As they have conveniently little knowledge of this threat, of course, their fears can only be quelled by the patriarchal state.

"The idea must be to make people realise that this law is not "tough on terrorism, tough on the causes of terrorism": no, it is "tough on liberty, tough on the causes of liberty."

Very well put.

Incidentally, here's something to fume over -

pagar said...

What has been so disappointing is that the media have almost universally depicted Davis as cynical, egotistical, self serving or mad and have unanimously refused to discuss the erosions of our liberties which he has tried to highlight.

It is a sad commentary on how far we have descended into the shit that it seems impossible for them to countenance the possibility that that any politician could possibly take an action informed by principle.

God help us all.

Anonymous said...

The nightmare scenario, which I predict and fear will happen, is that:
(1) Nobody will stand against Davis

(2) he will get about 398 votes, and these people will be identified as "Libertarians" and "extreme Right Wing", both on the Booby-See and in the dark hallways of the State, and they will be watched thenceforth, and worse.

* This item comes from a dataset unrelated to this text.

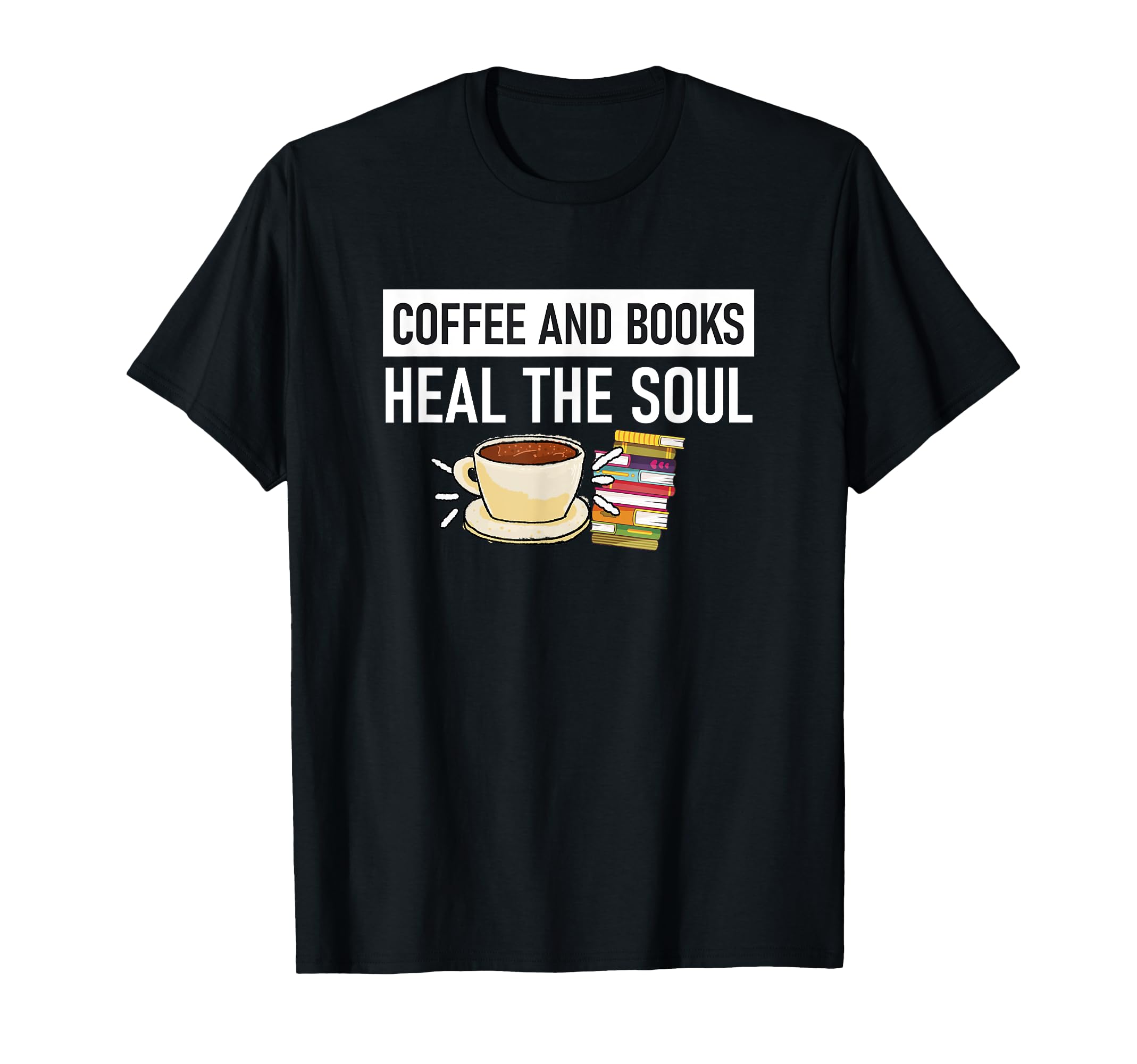 Reading And Coffee Lovers Designs Sweatshirt - Custom Art Print for Adults - T-Shirt, Sweatshirt, Hoodie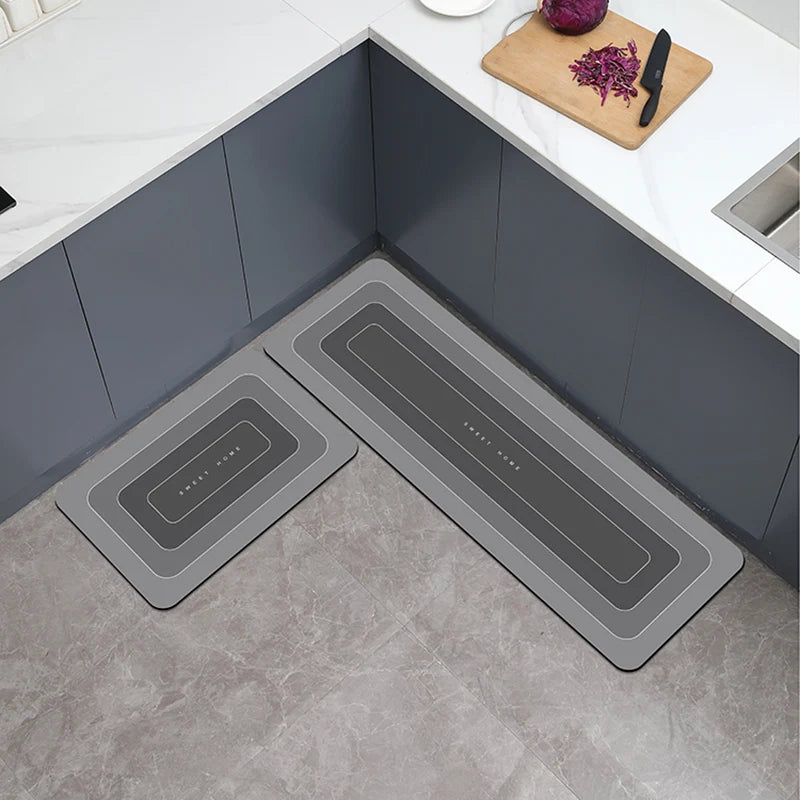 1PCS Kitchen Floor Mat Waterproof, Anti-skid, Anti-dirty Foot Mat Household Door Mat, Door Mat Carpet, Diatomaceous Earth Door Mat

(3) The MSM will pillory him thereafter, as having "stood against the interests of the safety of the people".

Wasn't the original name of the KGB the "Committee for Public Safety"?

Anonymous said...

This 69% in favour, does anyone know what the question was?

For example this;
Would you support detaining suspected terrorists for up to 42 days without charge?

Is very different from this;
Would you support detaining innocent people for up to 42 days without charge?

Anonymous said...

Well, as St Thomas Aquinas points out when discussing why God bothered writing the ten commandments on a stone if they can be worked out by reason alone - some people aren't that bright, and most of them are very busy staying alive, and thus whole societies might not get round to working out "Never pinch other people's stuff".

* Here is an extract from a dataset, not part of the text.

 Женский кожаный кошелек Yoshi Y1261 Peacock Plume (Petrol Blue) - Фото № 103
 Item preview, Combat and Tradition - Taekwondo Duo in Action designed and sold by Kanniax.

The really frustrating and sad thing is that people who get paid to think and then write about this sort of thing (theoretically, at least) appear to be a) uninterested in talking about the issues or writing about politics as if it were something other than a giant Big Brother b)not that bright c)considerably less informed than me, which is saying an awful lot.

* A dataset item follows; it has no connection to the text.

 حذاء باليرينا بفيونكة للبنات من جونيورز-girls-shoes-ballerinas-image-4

If I had four children and a mortgage, I could be forgiven for not reading beyond the Sun (the Guardian is possibly the Unforgiveable Crime:-) or thinking much about it. But the cynic or fool who doesn't digest the issue and present it intelligently and clearly for me to read in the paper of my choice - well, something should be done with him, beginning with sacking.

Thatcher's Child said...

As most people in the world of blogs, I have been thinking about this issue.

My plan is to produce a TV pilot where the crew go out and kidnap an MP and stick them in a cell for 41 days.

Everyday, you tell them that you suspect they may have had terrorist thoughts, and use examples of their statements in the press against them.

On day 41 they are released.

The fun bit is the hidden cameras which follow them for the next 42 days as they try to put their lives back together again.

This would be a ratings winner - Think I might call it The Real Big Brother!

Anyone got a camera and the phone no of the chief commissioning editor for the BBC?

Anonymous said...

Interestingly, and not unwelcome, you've reached a very patrician conclusion which could be called disdainful and patronising to the masses, from an anti-Establishment perspective.

Perhaps you will take stock when you lay into Cameron or Brown for doing something, on the grounds of its unpopularity.